[Start of Attachment]

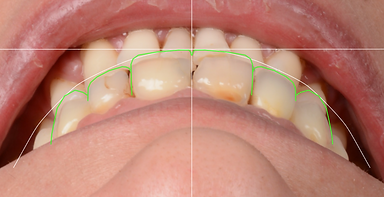 Digital Smile Design Smile Frame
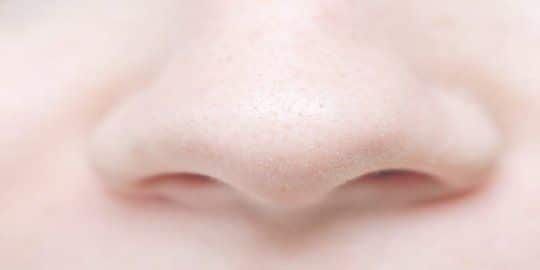 Skincare untuk Komedo Putih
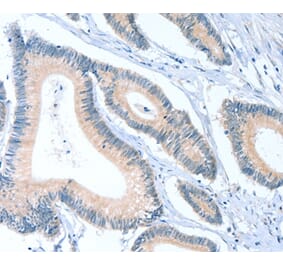 Immunohistochemistry - ACTL7B Antibody from Signalway Antibody (36029) - Antibodies.com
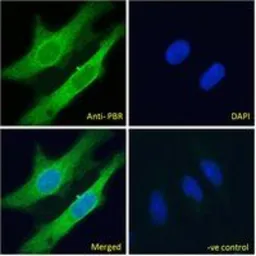 Anti-PBR antibody, C-term used in Immunocytochemistry/ Immunofluorescence (ICC/IF). GTX47548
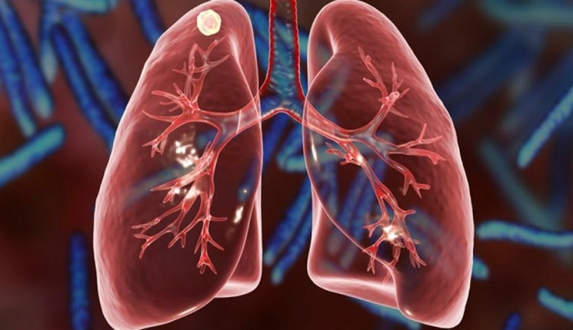 Туберкульоз: факти про захворювання, його симптоми, діагностика й лікування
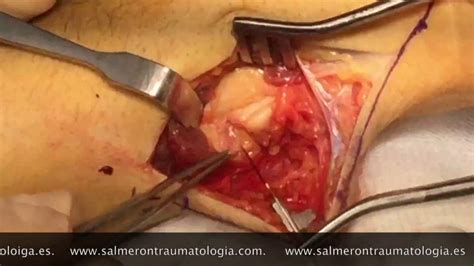 Simple Science: How to Make a Volcano with Kids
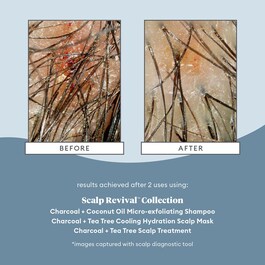 Scalp Revival Charcoal - Trattamento per il cuoio capelluto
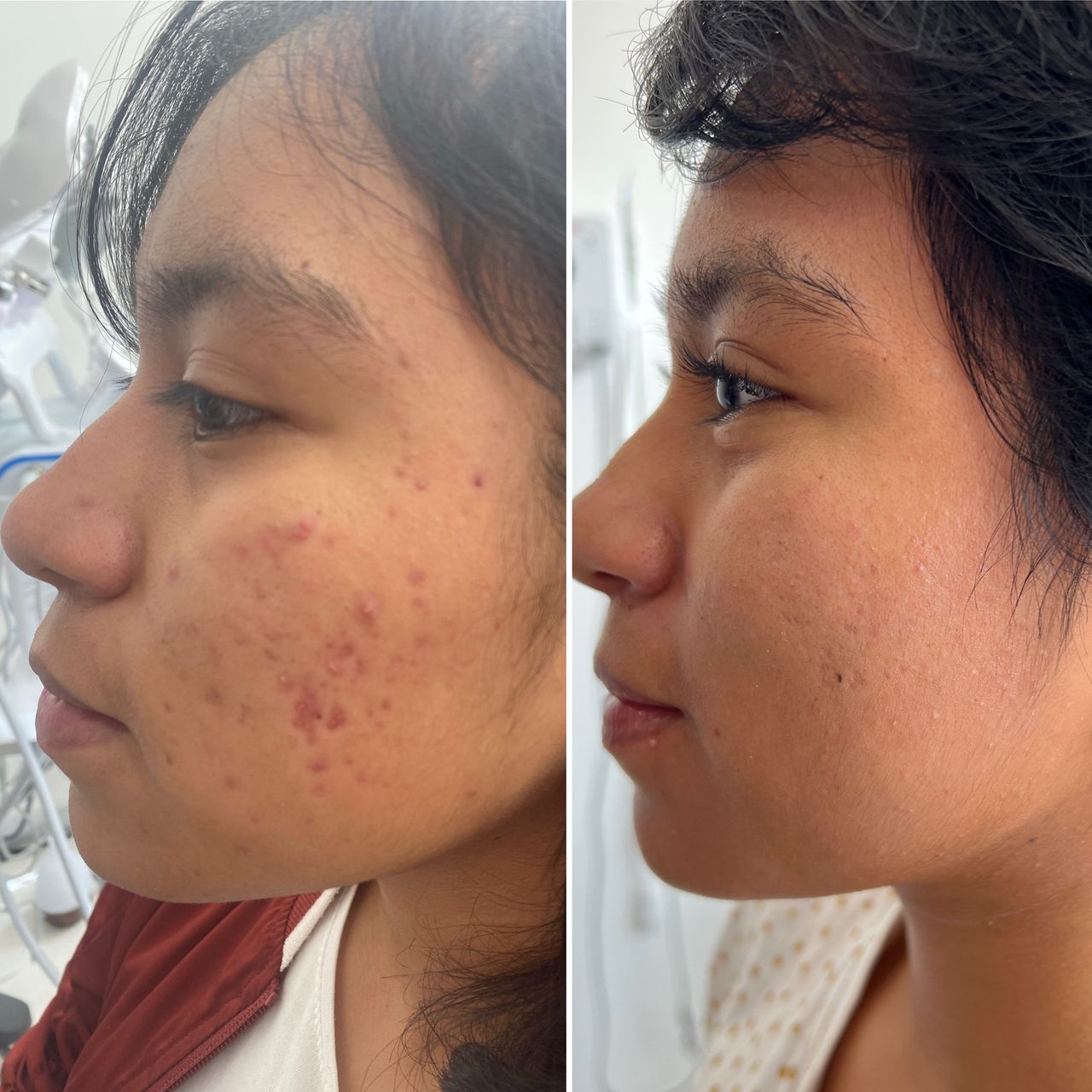 BARIDERM — foto 4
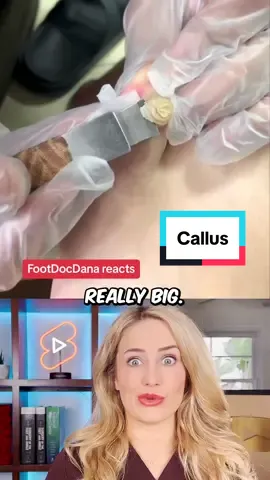 Reacting to a HUGE callus on the toe!  #callus #doctor #doctorreacts #doctorsoftiktok #learnsomethingnew #medical #surgery #medicalvideos #doctors #podiatry #podiatrist #footsurgeon #surgeon #surgeons #nurse #nurses #healthcare #scrublife #medicalhumor #scrubslife #podiatric #medicine 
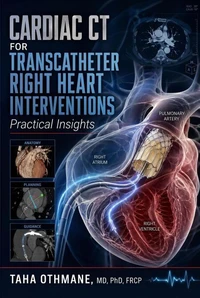 Cardiac CT for Transcatheter Right Heart Interventions: Practical Insights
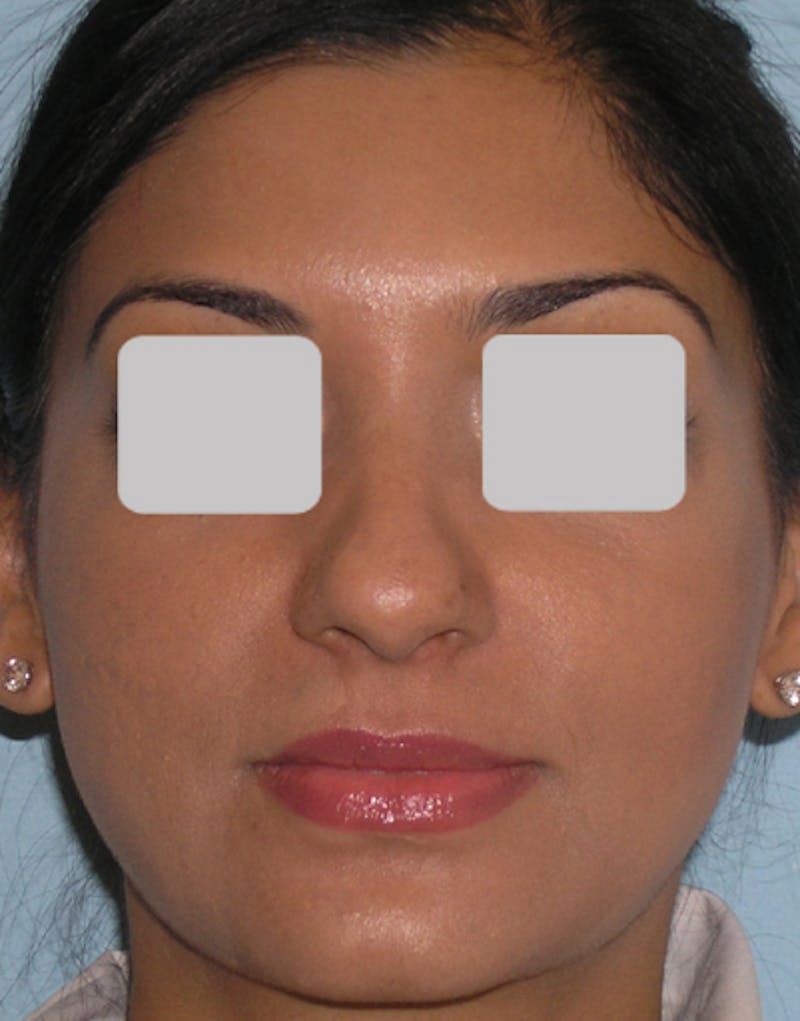 Ethnic Rhinoplasty Before & After Gallery - Patient 305791 - Image 5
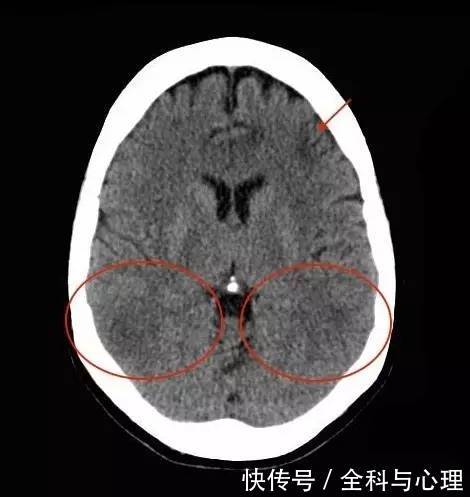 从 MRI 来识别 肝性脑病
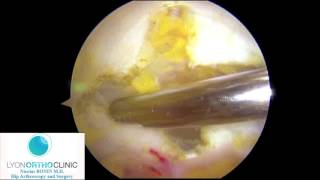 Hanche arthroscopie  Décompression de la bandelette iliotibiale par voie sous cutanée [upl. by Ailito]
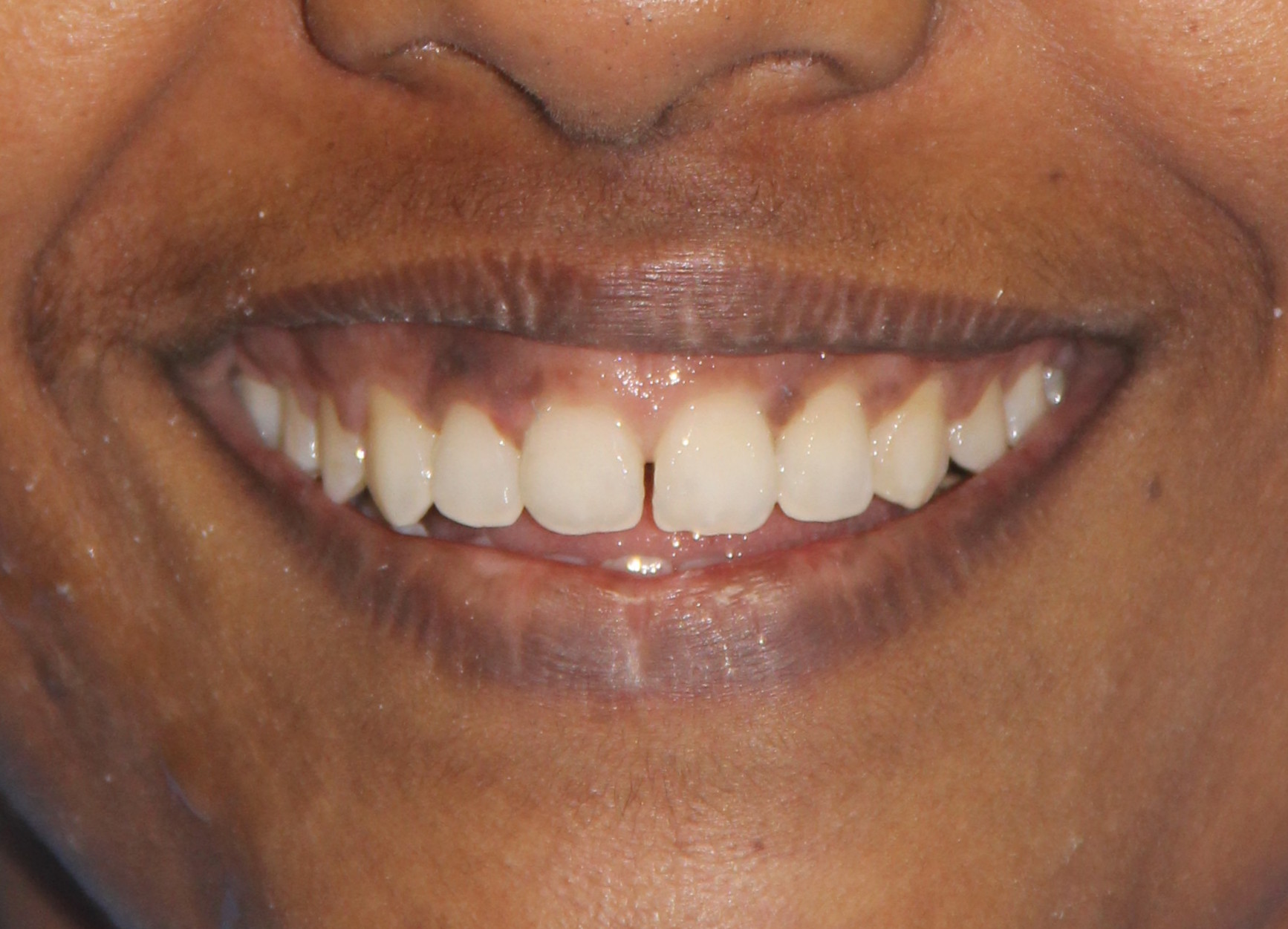 gummy smile treatment in Chennai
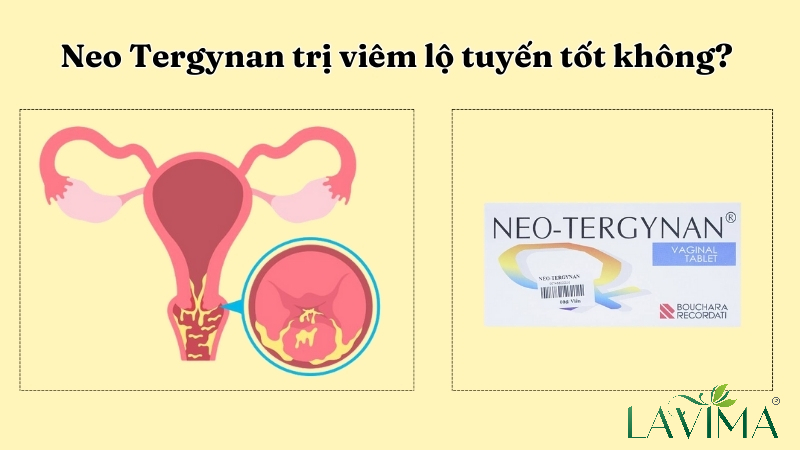 Neo Tergynan là thuốc gì? Hướng dẫn dùng Neo Tergynan trị viêm lộ tuyến đúng cách
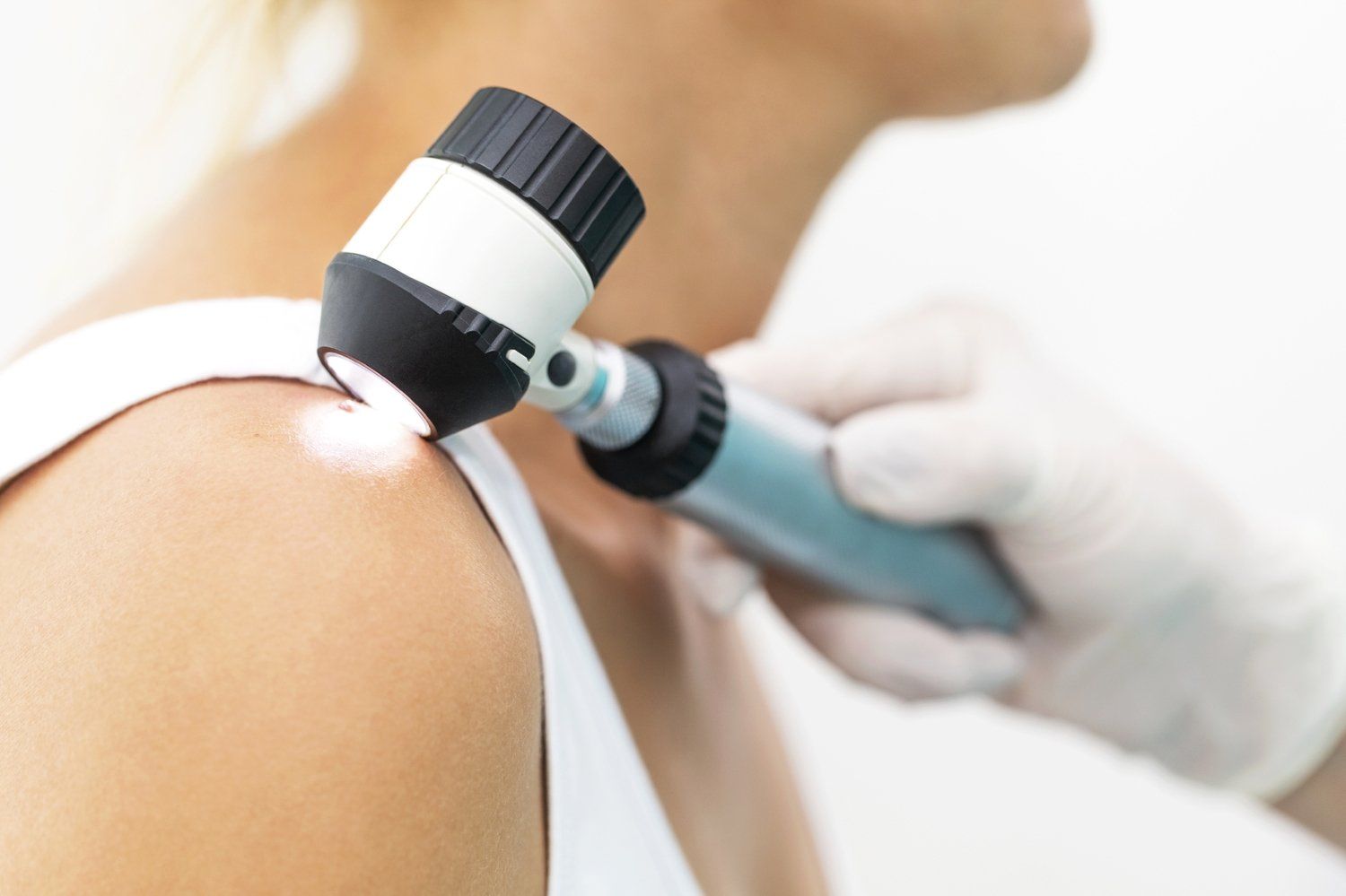Uma mulher está tendo sua pele examinada por um médico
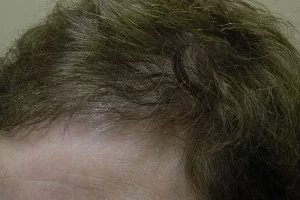 womens-before-and-after-patient-1-e womens-before-and-after-patient-1-e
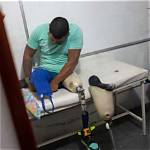 Mason Leg Amputated Surgery: Understanding the Procedure and Recovery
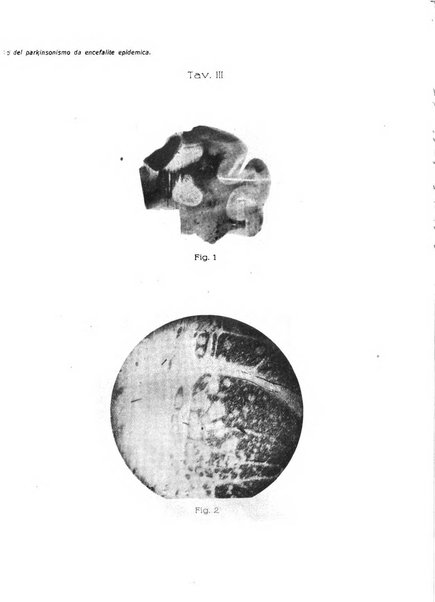 Il cervello Giornale di nevrologia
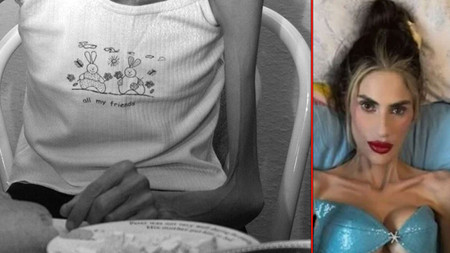 Nihal Candan'ın ölümünün ardından gündem olan anoreksiya nervoza hakkında bilinmesi gerekenler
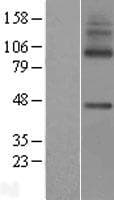 Human MFSD7 / MYL5 Protein (Over-Expression Lysate Myc-DDK (Flag))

[End of Attachment]

→ **Activity**
Without the pictures, reproduce each line from the one containing "Uma mulher está" through the last line of the material above, both of those lines included.

→ **Your response**
Uma mulher está tendo sua pele examinada por um médico
 womens-before-and-after-patient-1-e womens-before-and-after-patient-1-e
 Mason Leg Amputated Surgery: Understanding the Procedure and Recovery
 Il cervello Giornale di nevrologia
 Nihal Candan'ın ölümünün ardından gündem olan anoreksiya nervoza hakkında bilinmesi gerekenler
 Human MFSD7 / MYL5 Protein (Over-Expression Lysate Myc-DDK (Flag))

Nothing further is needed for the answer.